Assignment: For the material below, output exactly the span from the line with "Before we forget, if" to the line with "That's pretty much", including both, and nothing besides.

Source information:
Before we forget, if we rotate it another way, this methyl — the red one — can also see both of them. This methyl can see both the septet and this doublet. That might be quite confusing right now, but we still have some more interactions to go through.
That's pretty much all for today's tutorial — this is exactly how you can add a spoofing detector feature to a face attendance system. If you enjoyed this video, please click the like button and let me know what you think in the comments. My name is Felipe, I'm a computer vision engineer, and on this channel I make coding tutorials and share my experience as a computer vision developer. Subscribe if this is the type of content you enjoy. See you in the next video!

==

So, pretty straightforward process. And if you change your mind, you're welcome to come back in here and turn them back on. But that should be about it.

...

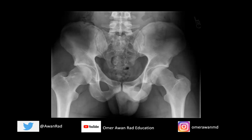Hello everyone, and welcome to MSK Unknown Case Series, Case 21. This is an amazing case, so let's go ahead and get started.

Expected answer:
Before we forget, if we rotate it another way, this methyl — the red one — can also see both of them. This methyl can see both the septet and this doublet. That might be quite confusing right now, but we still have some more interactions to go through.
That's pretty much all for today's tutorial — this is exactly how you can add a spoofing detector feature to a face attendance system. If you enjoyed this video, please click the like button and let me know what you think in the comments. My name is Felipe, I'm a computer vision engineer, and on this channel I make coding tutorials and share my experience as a computer vision developer. Subscribe if this is the type of content you enjoy. See you in the next video!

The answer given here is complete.